■ Problem to work on
In the copy, keep every line below as it is and leave out the pictures.

■ Data excerpt
((
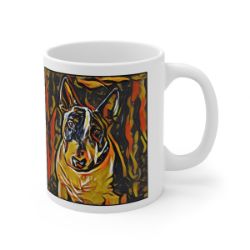 Picture of English Bull Terrier-Graffiti Haus Mug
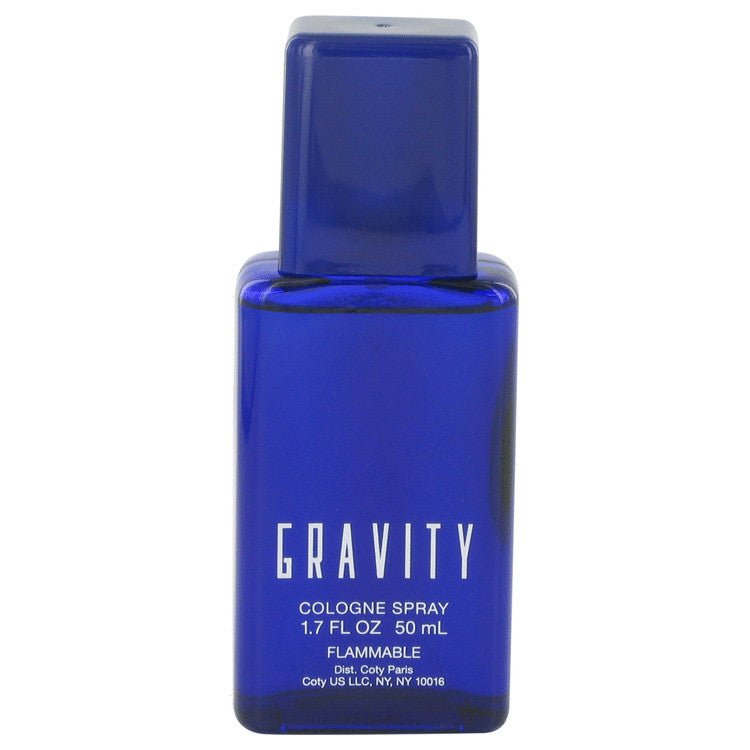 Spray de Cologne Gravity par Coty (Sans boîte) 1,7 oz pour hommes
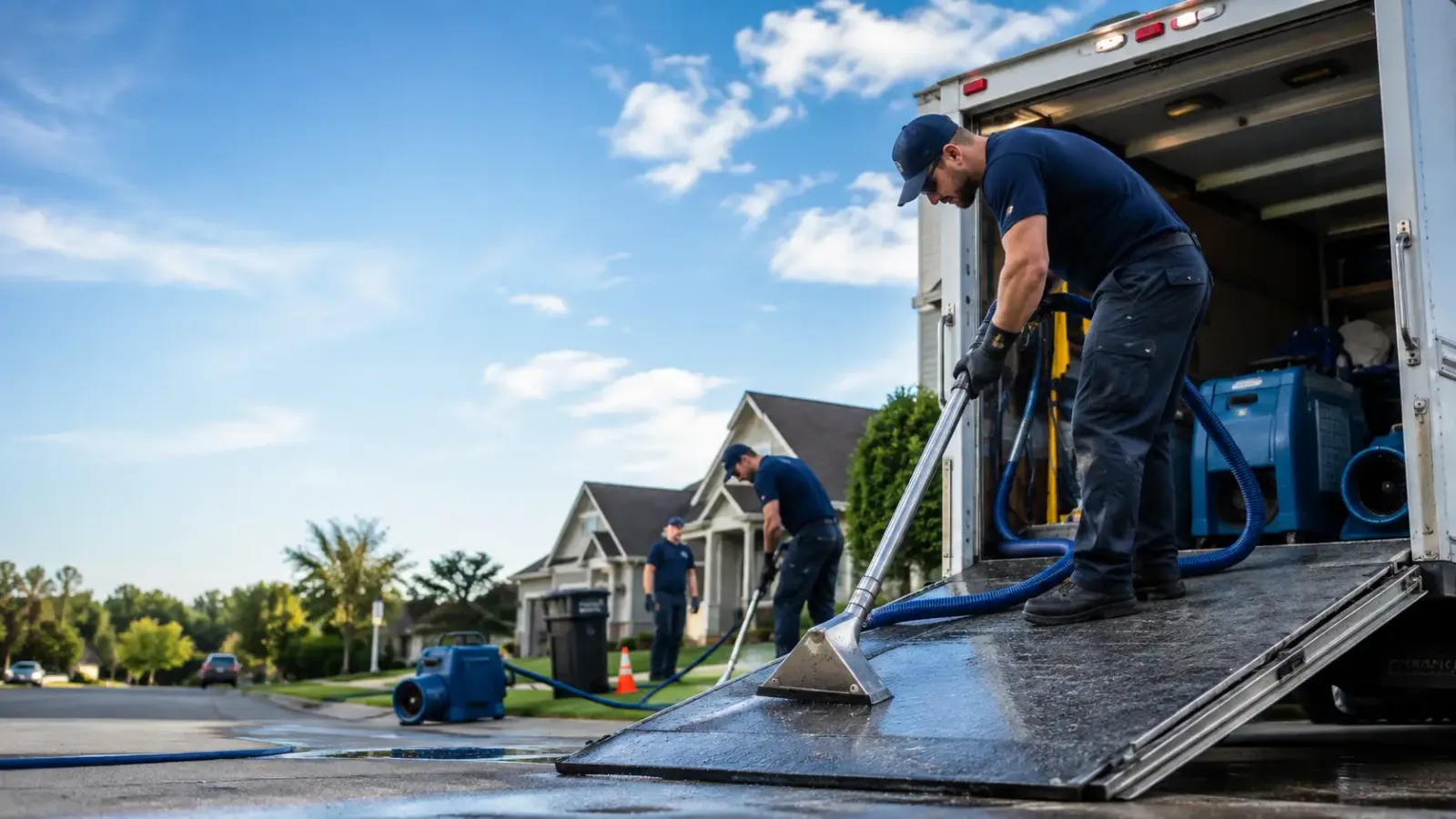 Emergency Water Removal in Currie, NC near me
))
■ Written response
 Picture of English Bull Terrier-Graffiti Haus Mug
 Spray de Cologne Gravity par Coty (Sans boîte) 1,7 oz pour hommes
 Emergency Water Removal in Currie, NC near me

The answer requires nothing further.